La Roma è entrata in una nuova fase di gestione: non più il paternalismo romantico dei Sensi, ma il crudo business degli americani che, di fronte a un bilancio in perdita e all’ennesimo anno senza i ricavi delle coppe europee, non hanno esitato un momento a cedere sul mercato i pezzi pregiati della squadra, per far fronte alle perdite: Marquinhos, Osvaldo e Lamela (a giorni) sono partiti per una cifra complessiva vicina agli 80 milioni di euro. Gli americani, al momento, hanno immesso nelle casse giallorosse 50 milioni di euro.
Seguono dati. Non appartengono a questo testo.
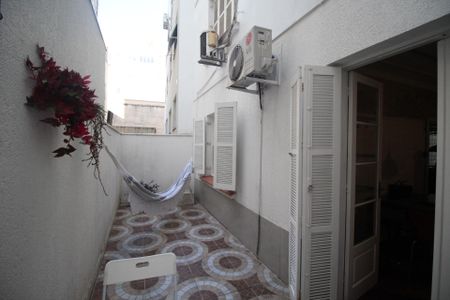 Apartamento para alugar com 66m², 2 quartos e sem vagaQuintal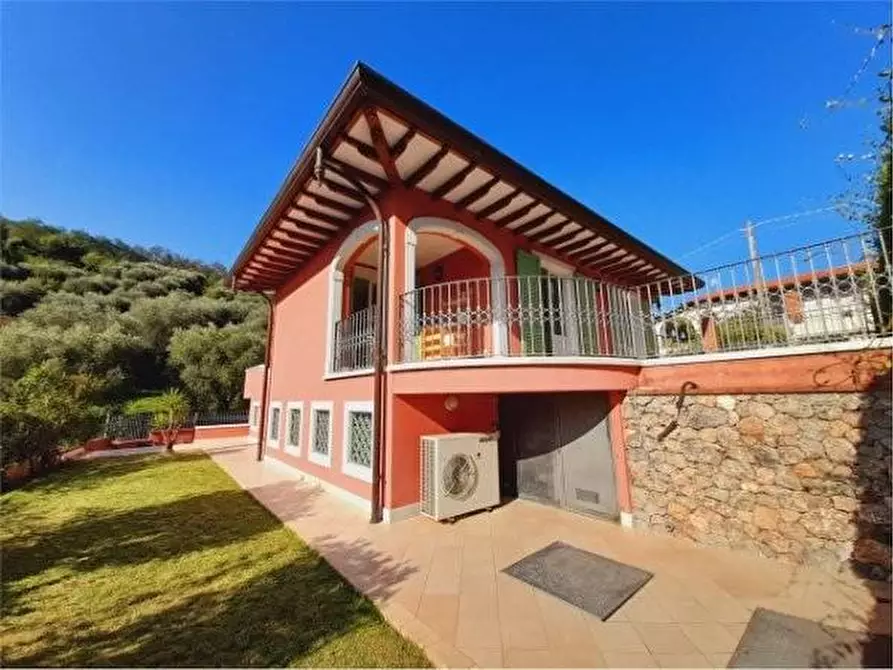 Immagine 7 di Villa in vendita  a Pietrasanta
Un modello virtuoso, invece, riconoscibile anche a occhio nudo, è quello l’Udinese: da anni un melting pot di ragazzini terribili da rivendere poi a peso d’oro (il prossimo sarà il colombiano Muriel, che ricorda, fatte le debite proporzioni, il primo Ronaldo) che, sotto la sapiente guida di Di Natale e Guidolin, ottengono risultati sportivi invidiabili, a fronte di bilanci, quasi sempre, in attivo, tanto da riuscire addirittura, nel 2008, a staccare un dividendo di circa 4 milioni di euro.

La Fiorentina, controllata dai fratelli Della Valle attraverso un’accomandita, ha chiuso con un aggregato negativo di 45 milioni nel periodo considerato, prontamente ripianati dalla proprietà. La società, però, ha chiuso in attivo il bilancio del 2012 e punta, prendendo ad esempio una realtà come quella del Napoli, a camminare da sola, senza pesare sulle casse della società madre, accompagnando il tutto a risultati sportivi, come quelli dell’ultima stagione, all’altezza di una piazza esigente.